Basically orange is a phone company that doesn't let people make phone calls or seem to want your money.

Any recommendations for a good international sim?


----------



## gus-lopez (Jan 4, 2010)

Telefonia movil barata en España omv Hitsmobile - HITS Mobile
They are offering 0€ for 1st 5 mins up to december 31st for anyone signing up now.


----------



## Pazcat (Mar 24, 2010)

Thanks, that looks like it might suffice.


----------



## Pesky Wesky (May 10, 2009)

I had a big problem with Orange, but that doesn't mean to say the other companies would have been any better. We left Orange and went back to Moviestar. I think they have improved a little and at least you know that they've got the lines that your phone is operating on, well at least that's the case in our area.
This is the government site that tells you where/ how you should make complaintss about phone companies apparently although one poster says that these people didn't solve his problem.
Oficina de Atención al Usuario de Telecomunicaciones - Oficina de Atención al Usuario de Telecomunicaciones
Another difficulty could be the language.
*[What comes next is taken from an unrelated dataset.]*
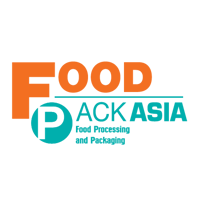 Food Pack Asia Bangkok 2026 Food Pack Asia 2026 Bangkok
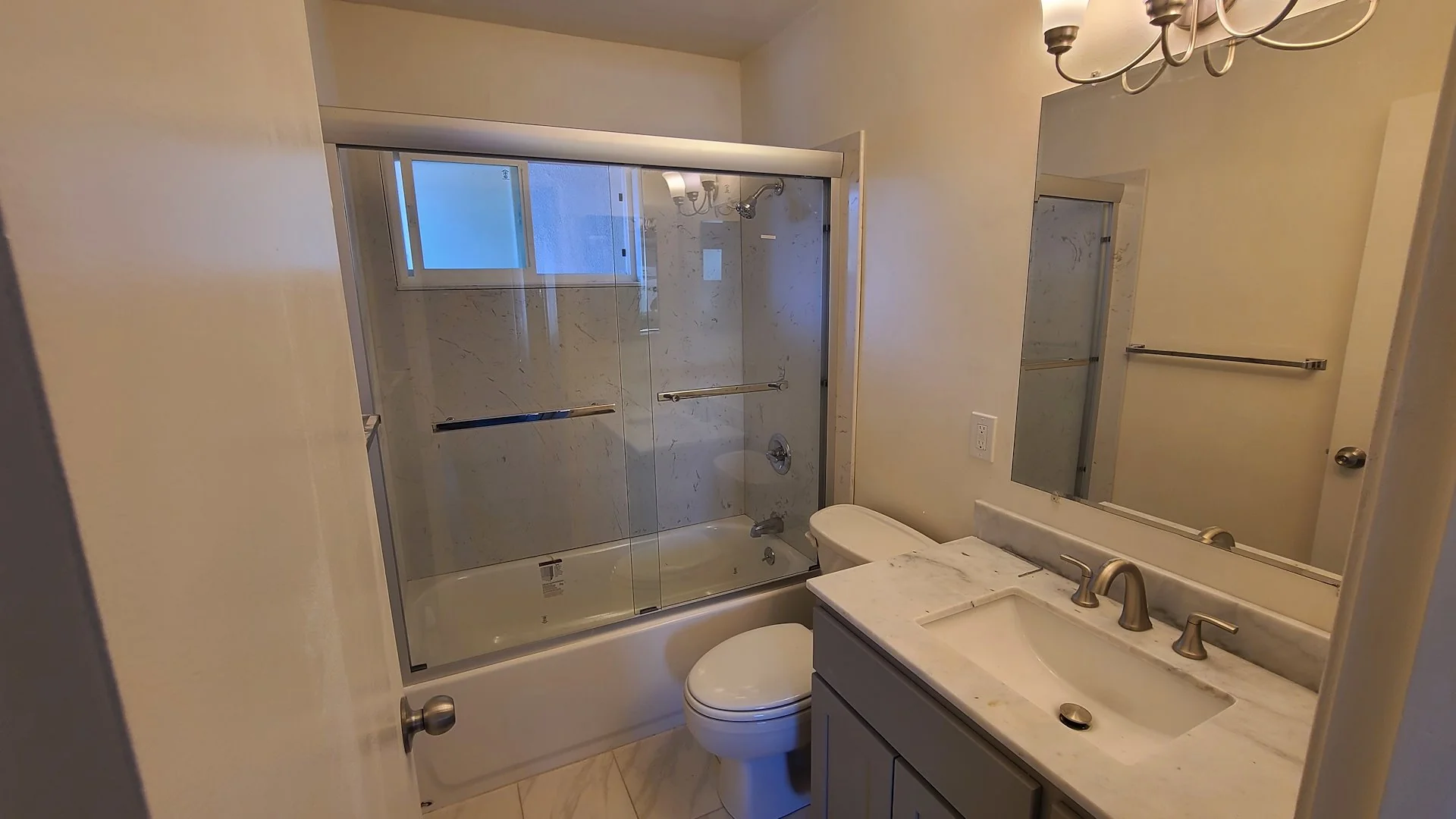 3537 Alden Way, San Jose — Sale in San Jose, CA, photo 4 of 6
I speak fluent Spanish but ended up giving the telephone to my husband or daughter who had no qualms about telling the call centre agents that they didn't understand a word they were saying. (We had a problem with the line and they kept telling us to check various parts of the instalation with technical language, which it turned out had been done wrong, by the original Telefónica workers... In the end I told them I was disabled and couldn't go up and down stairs )


----------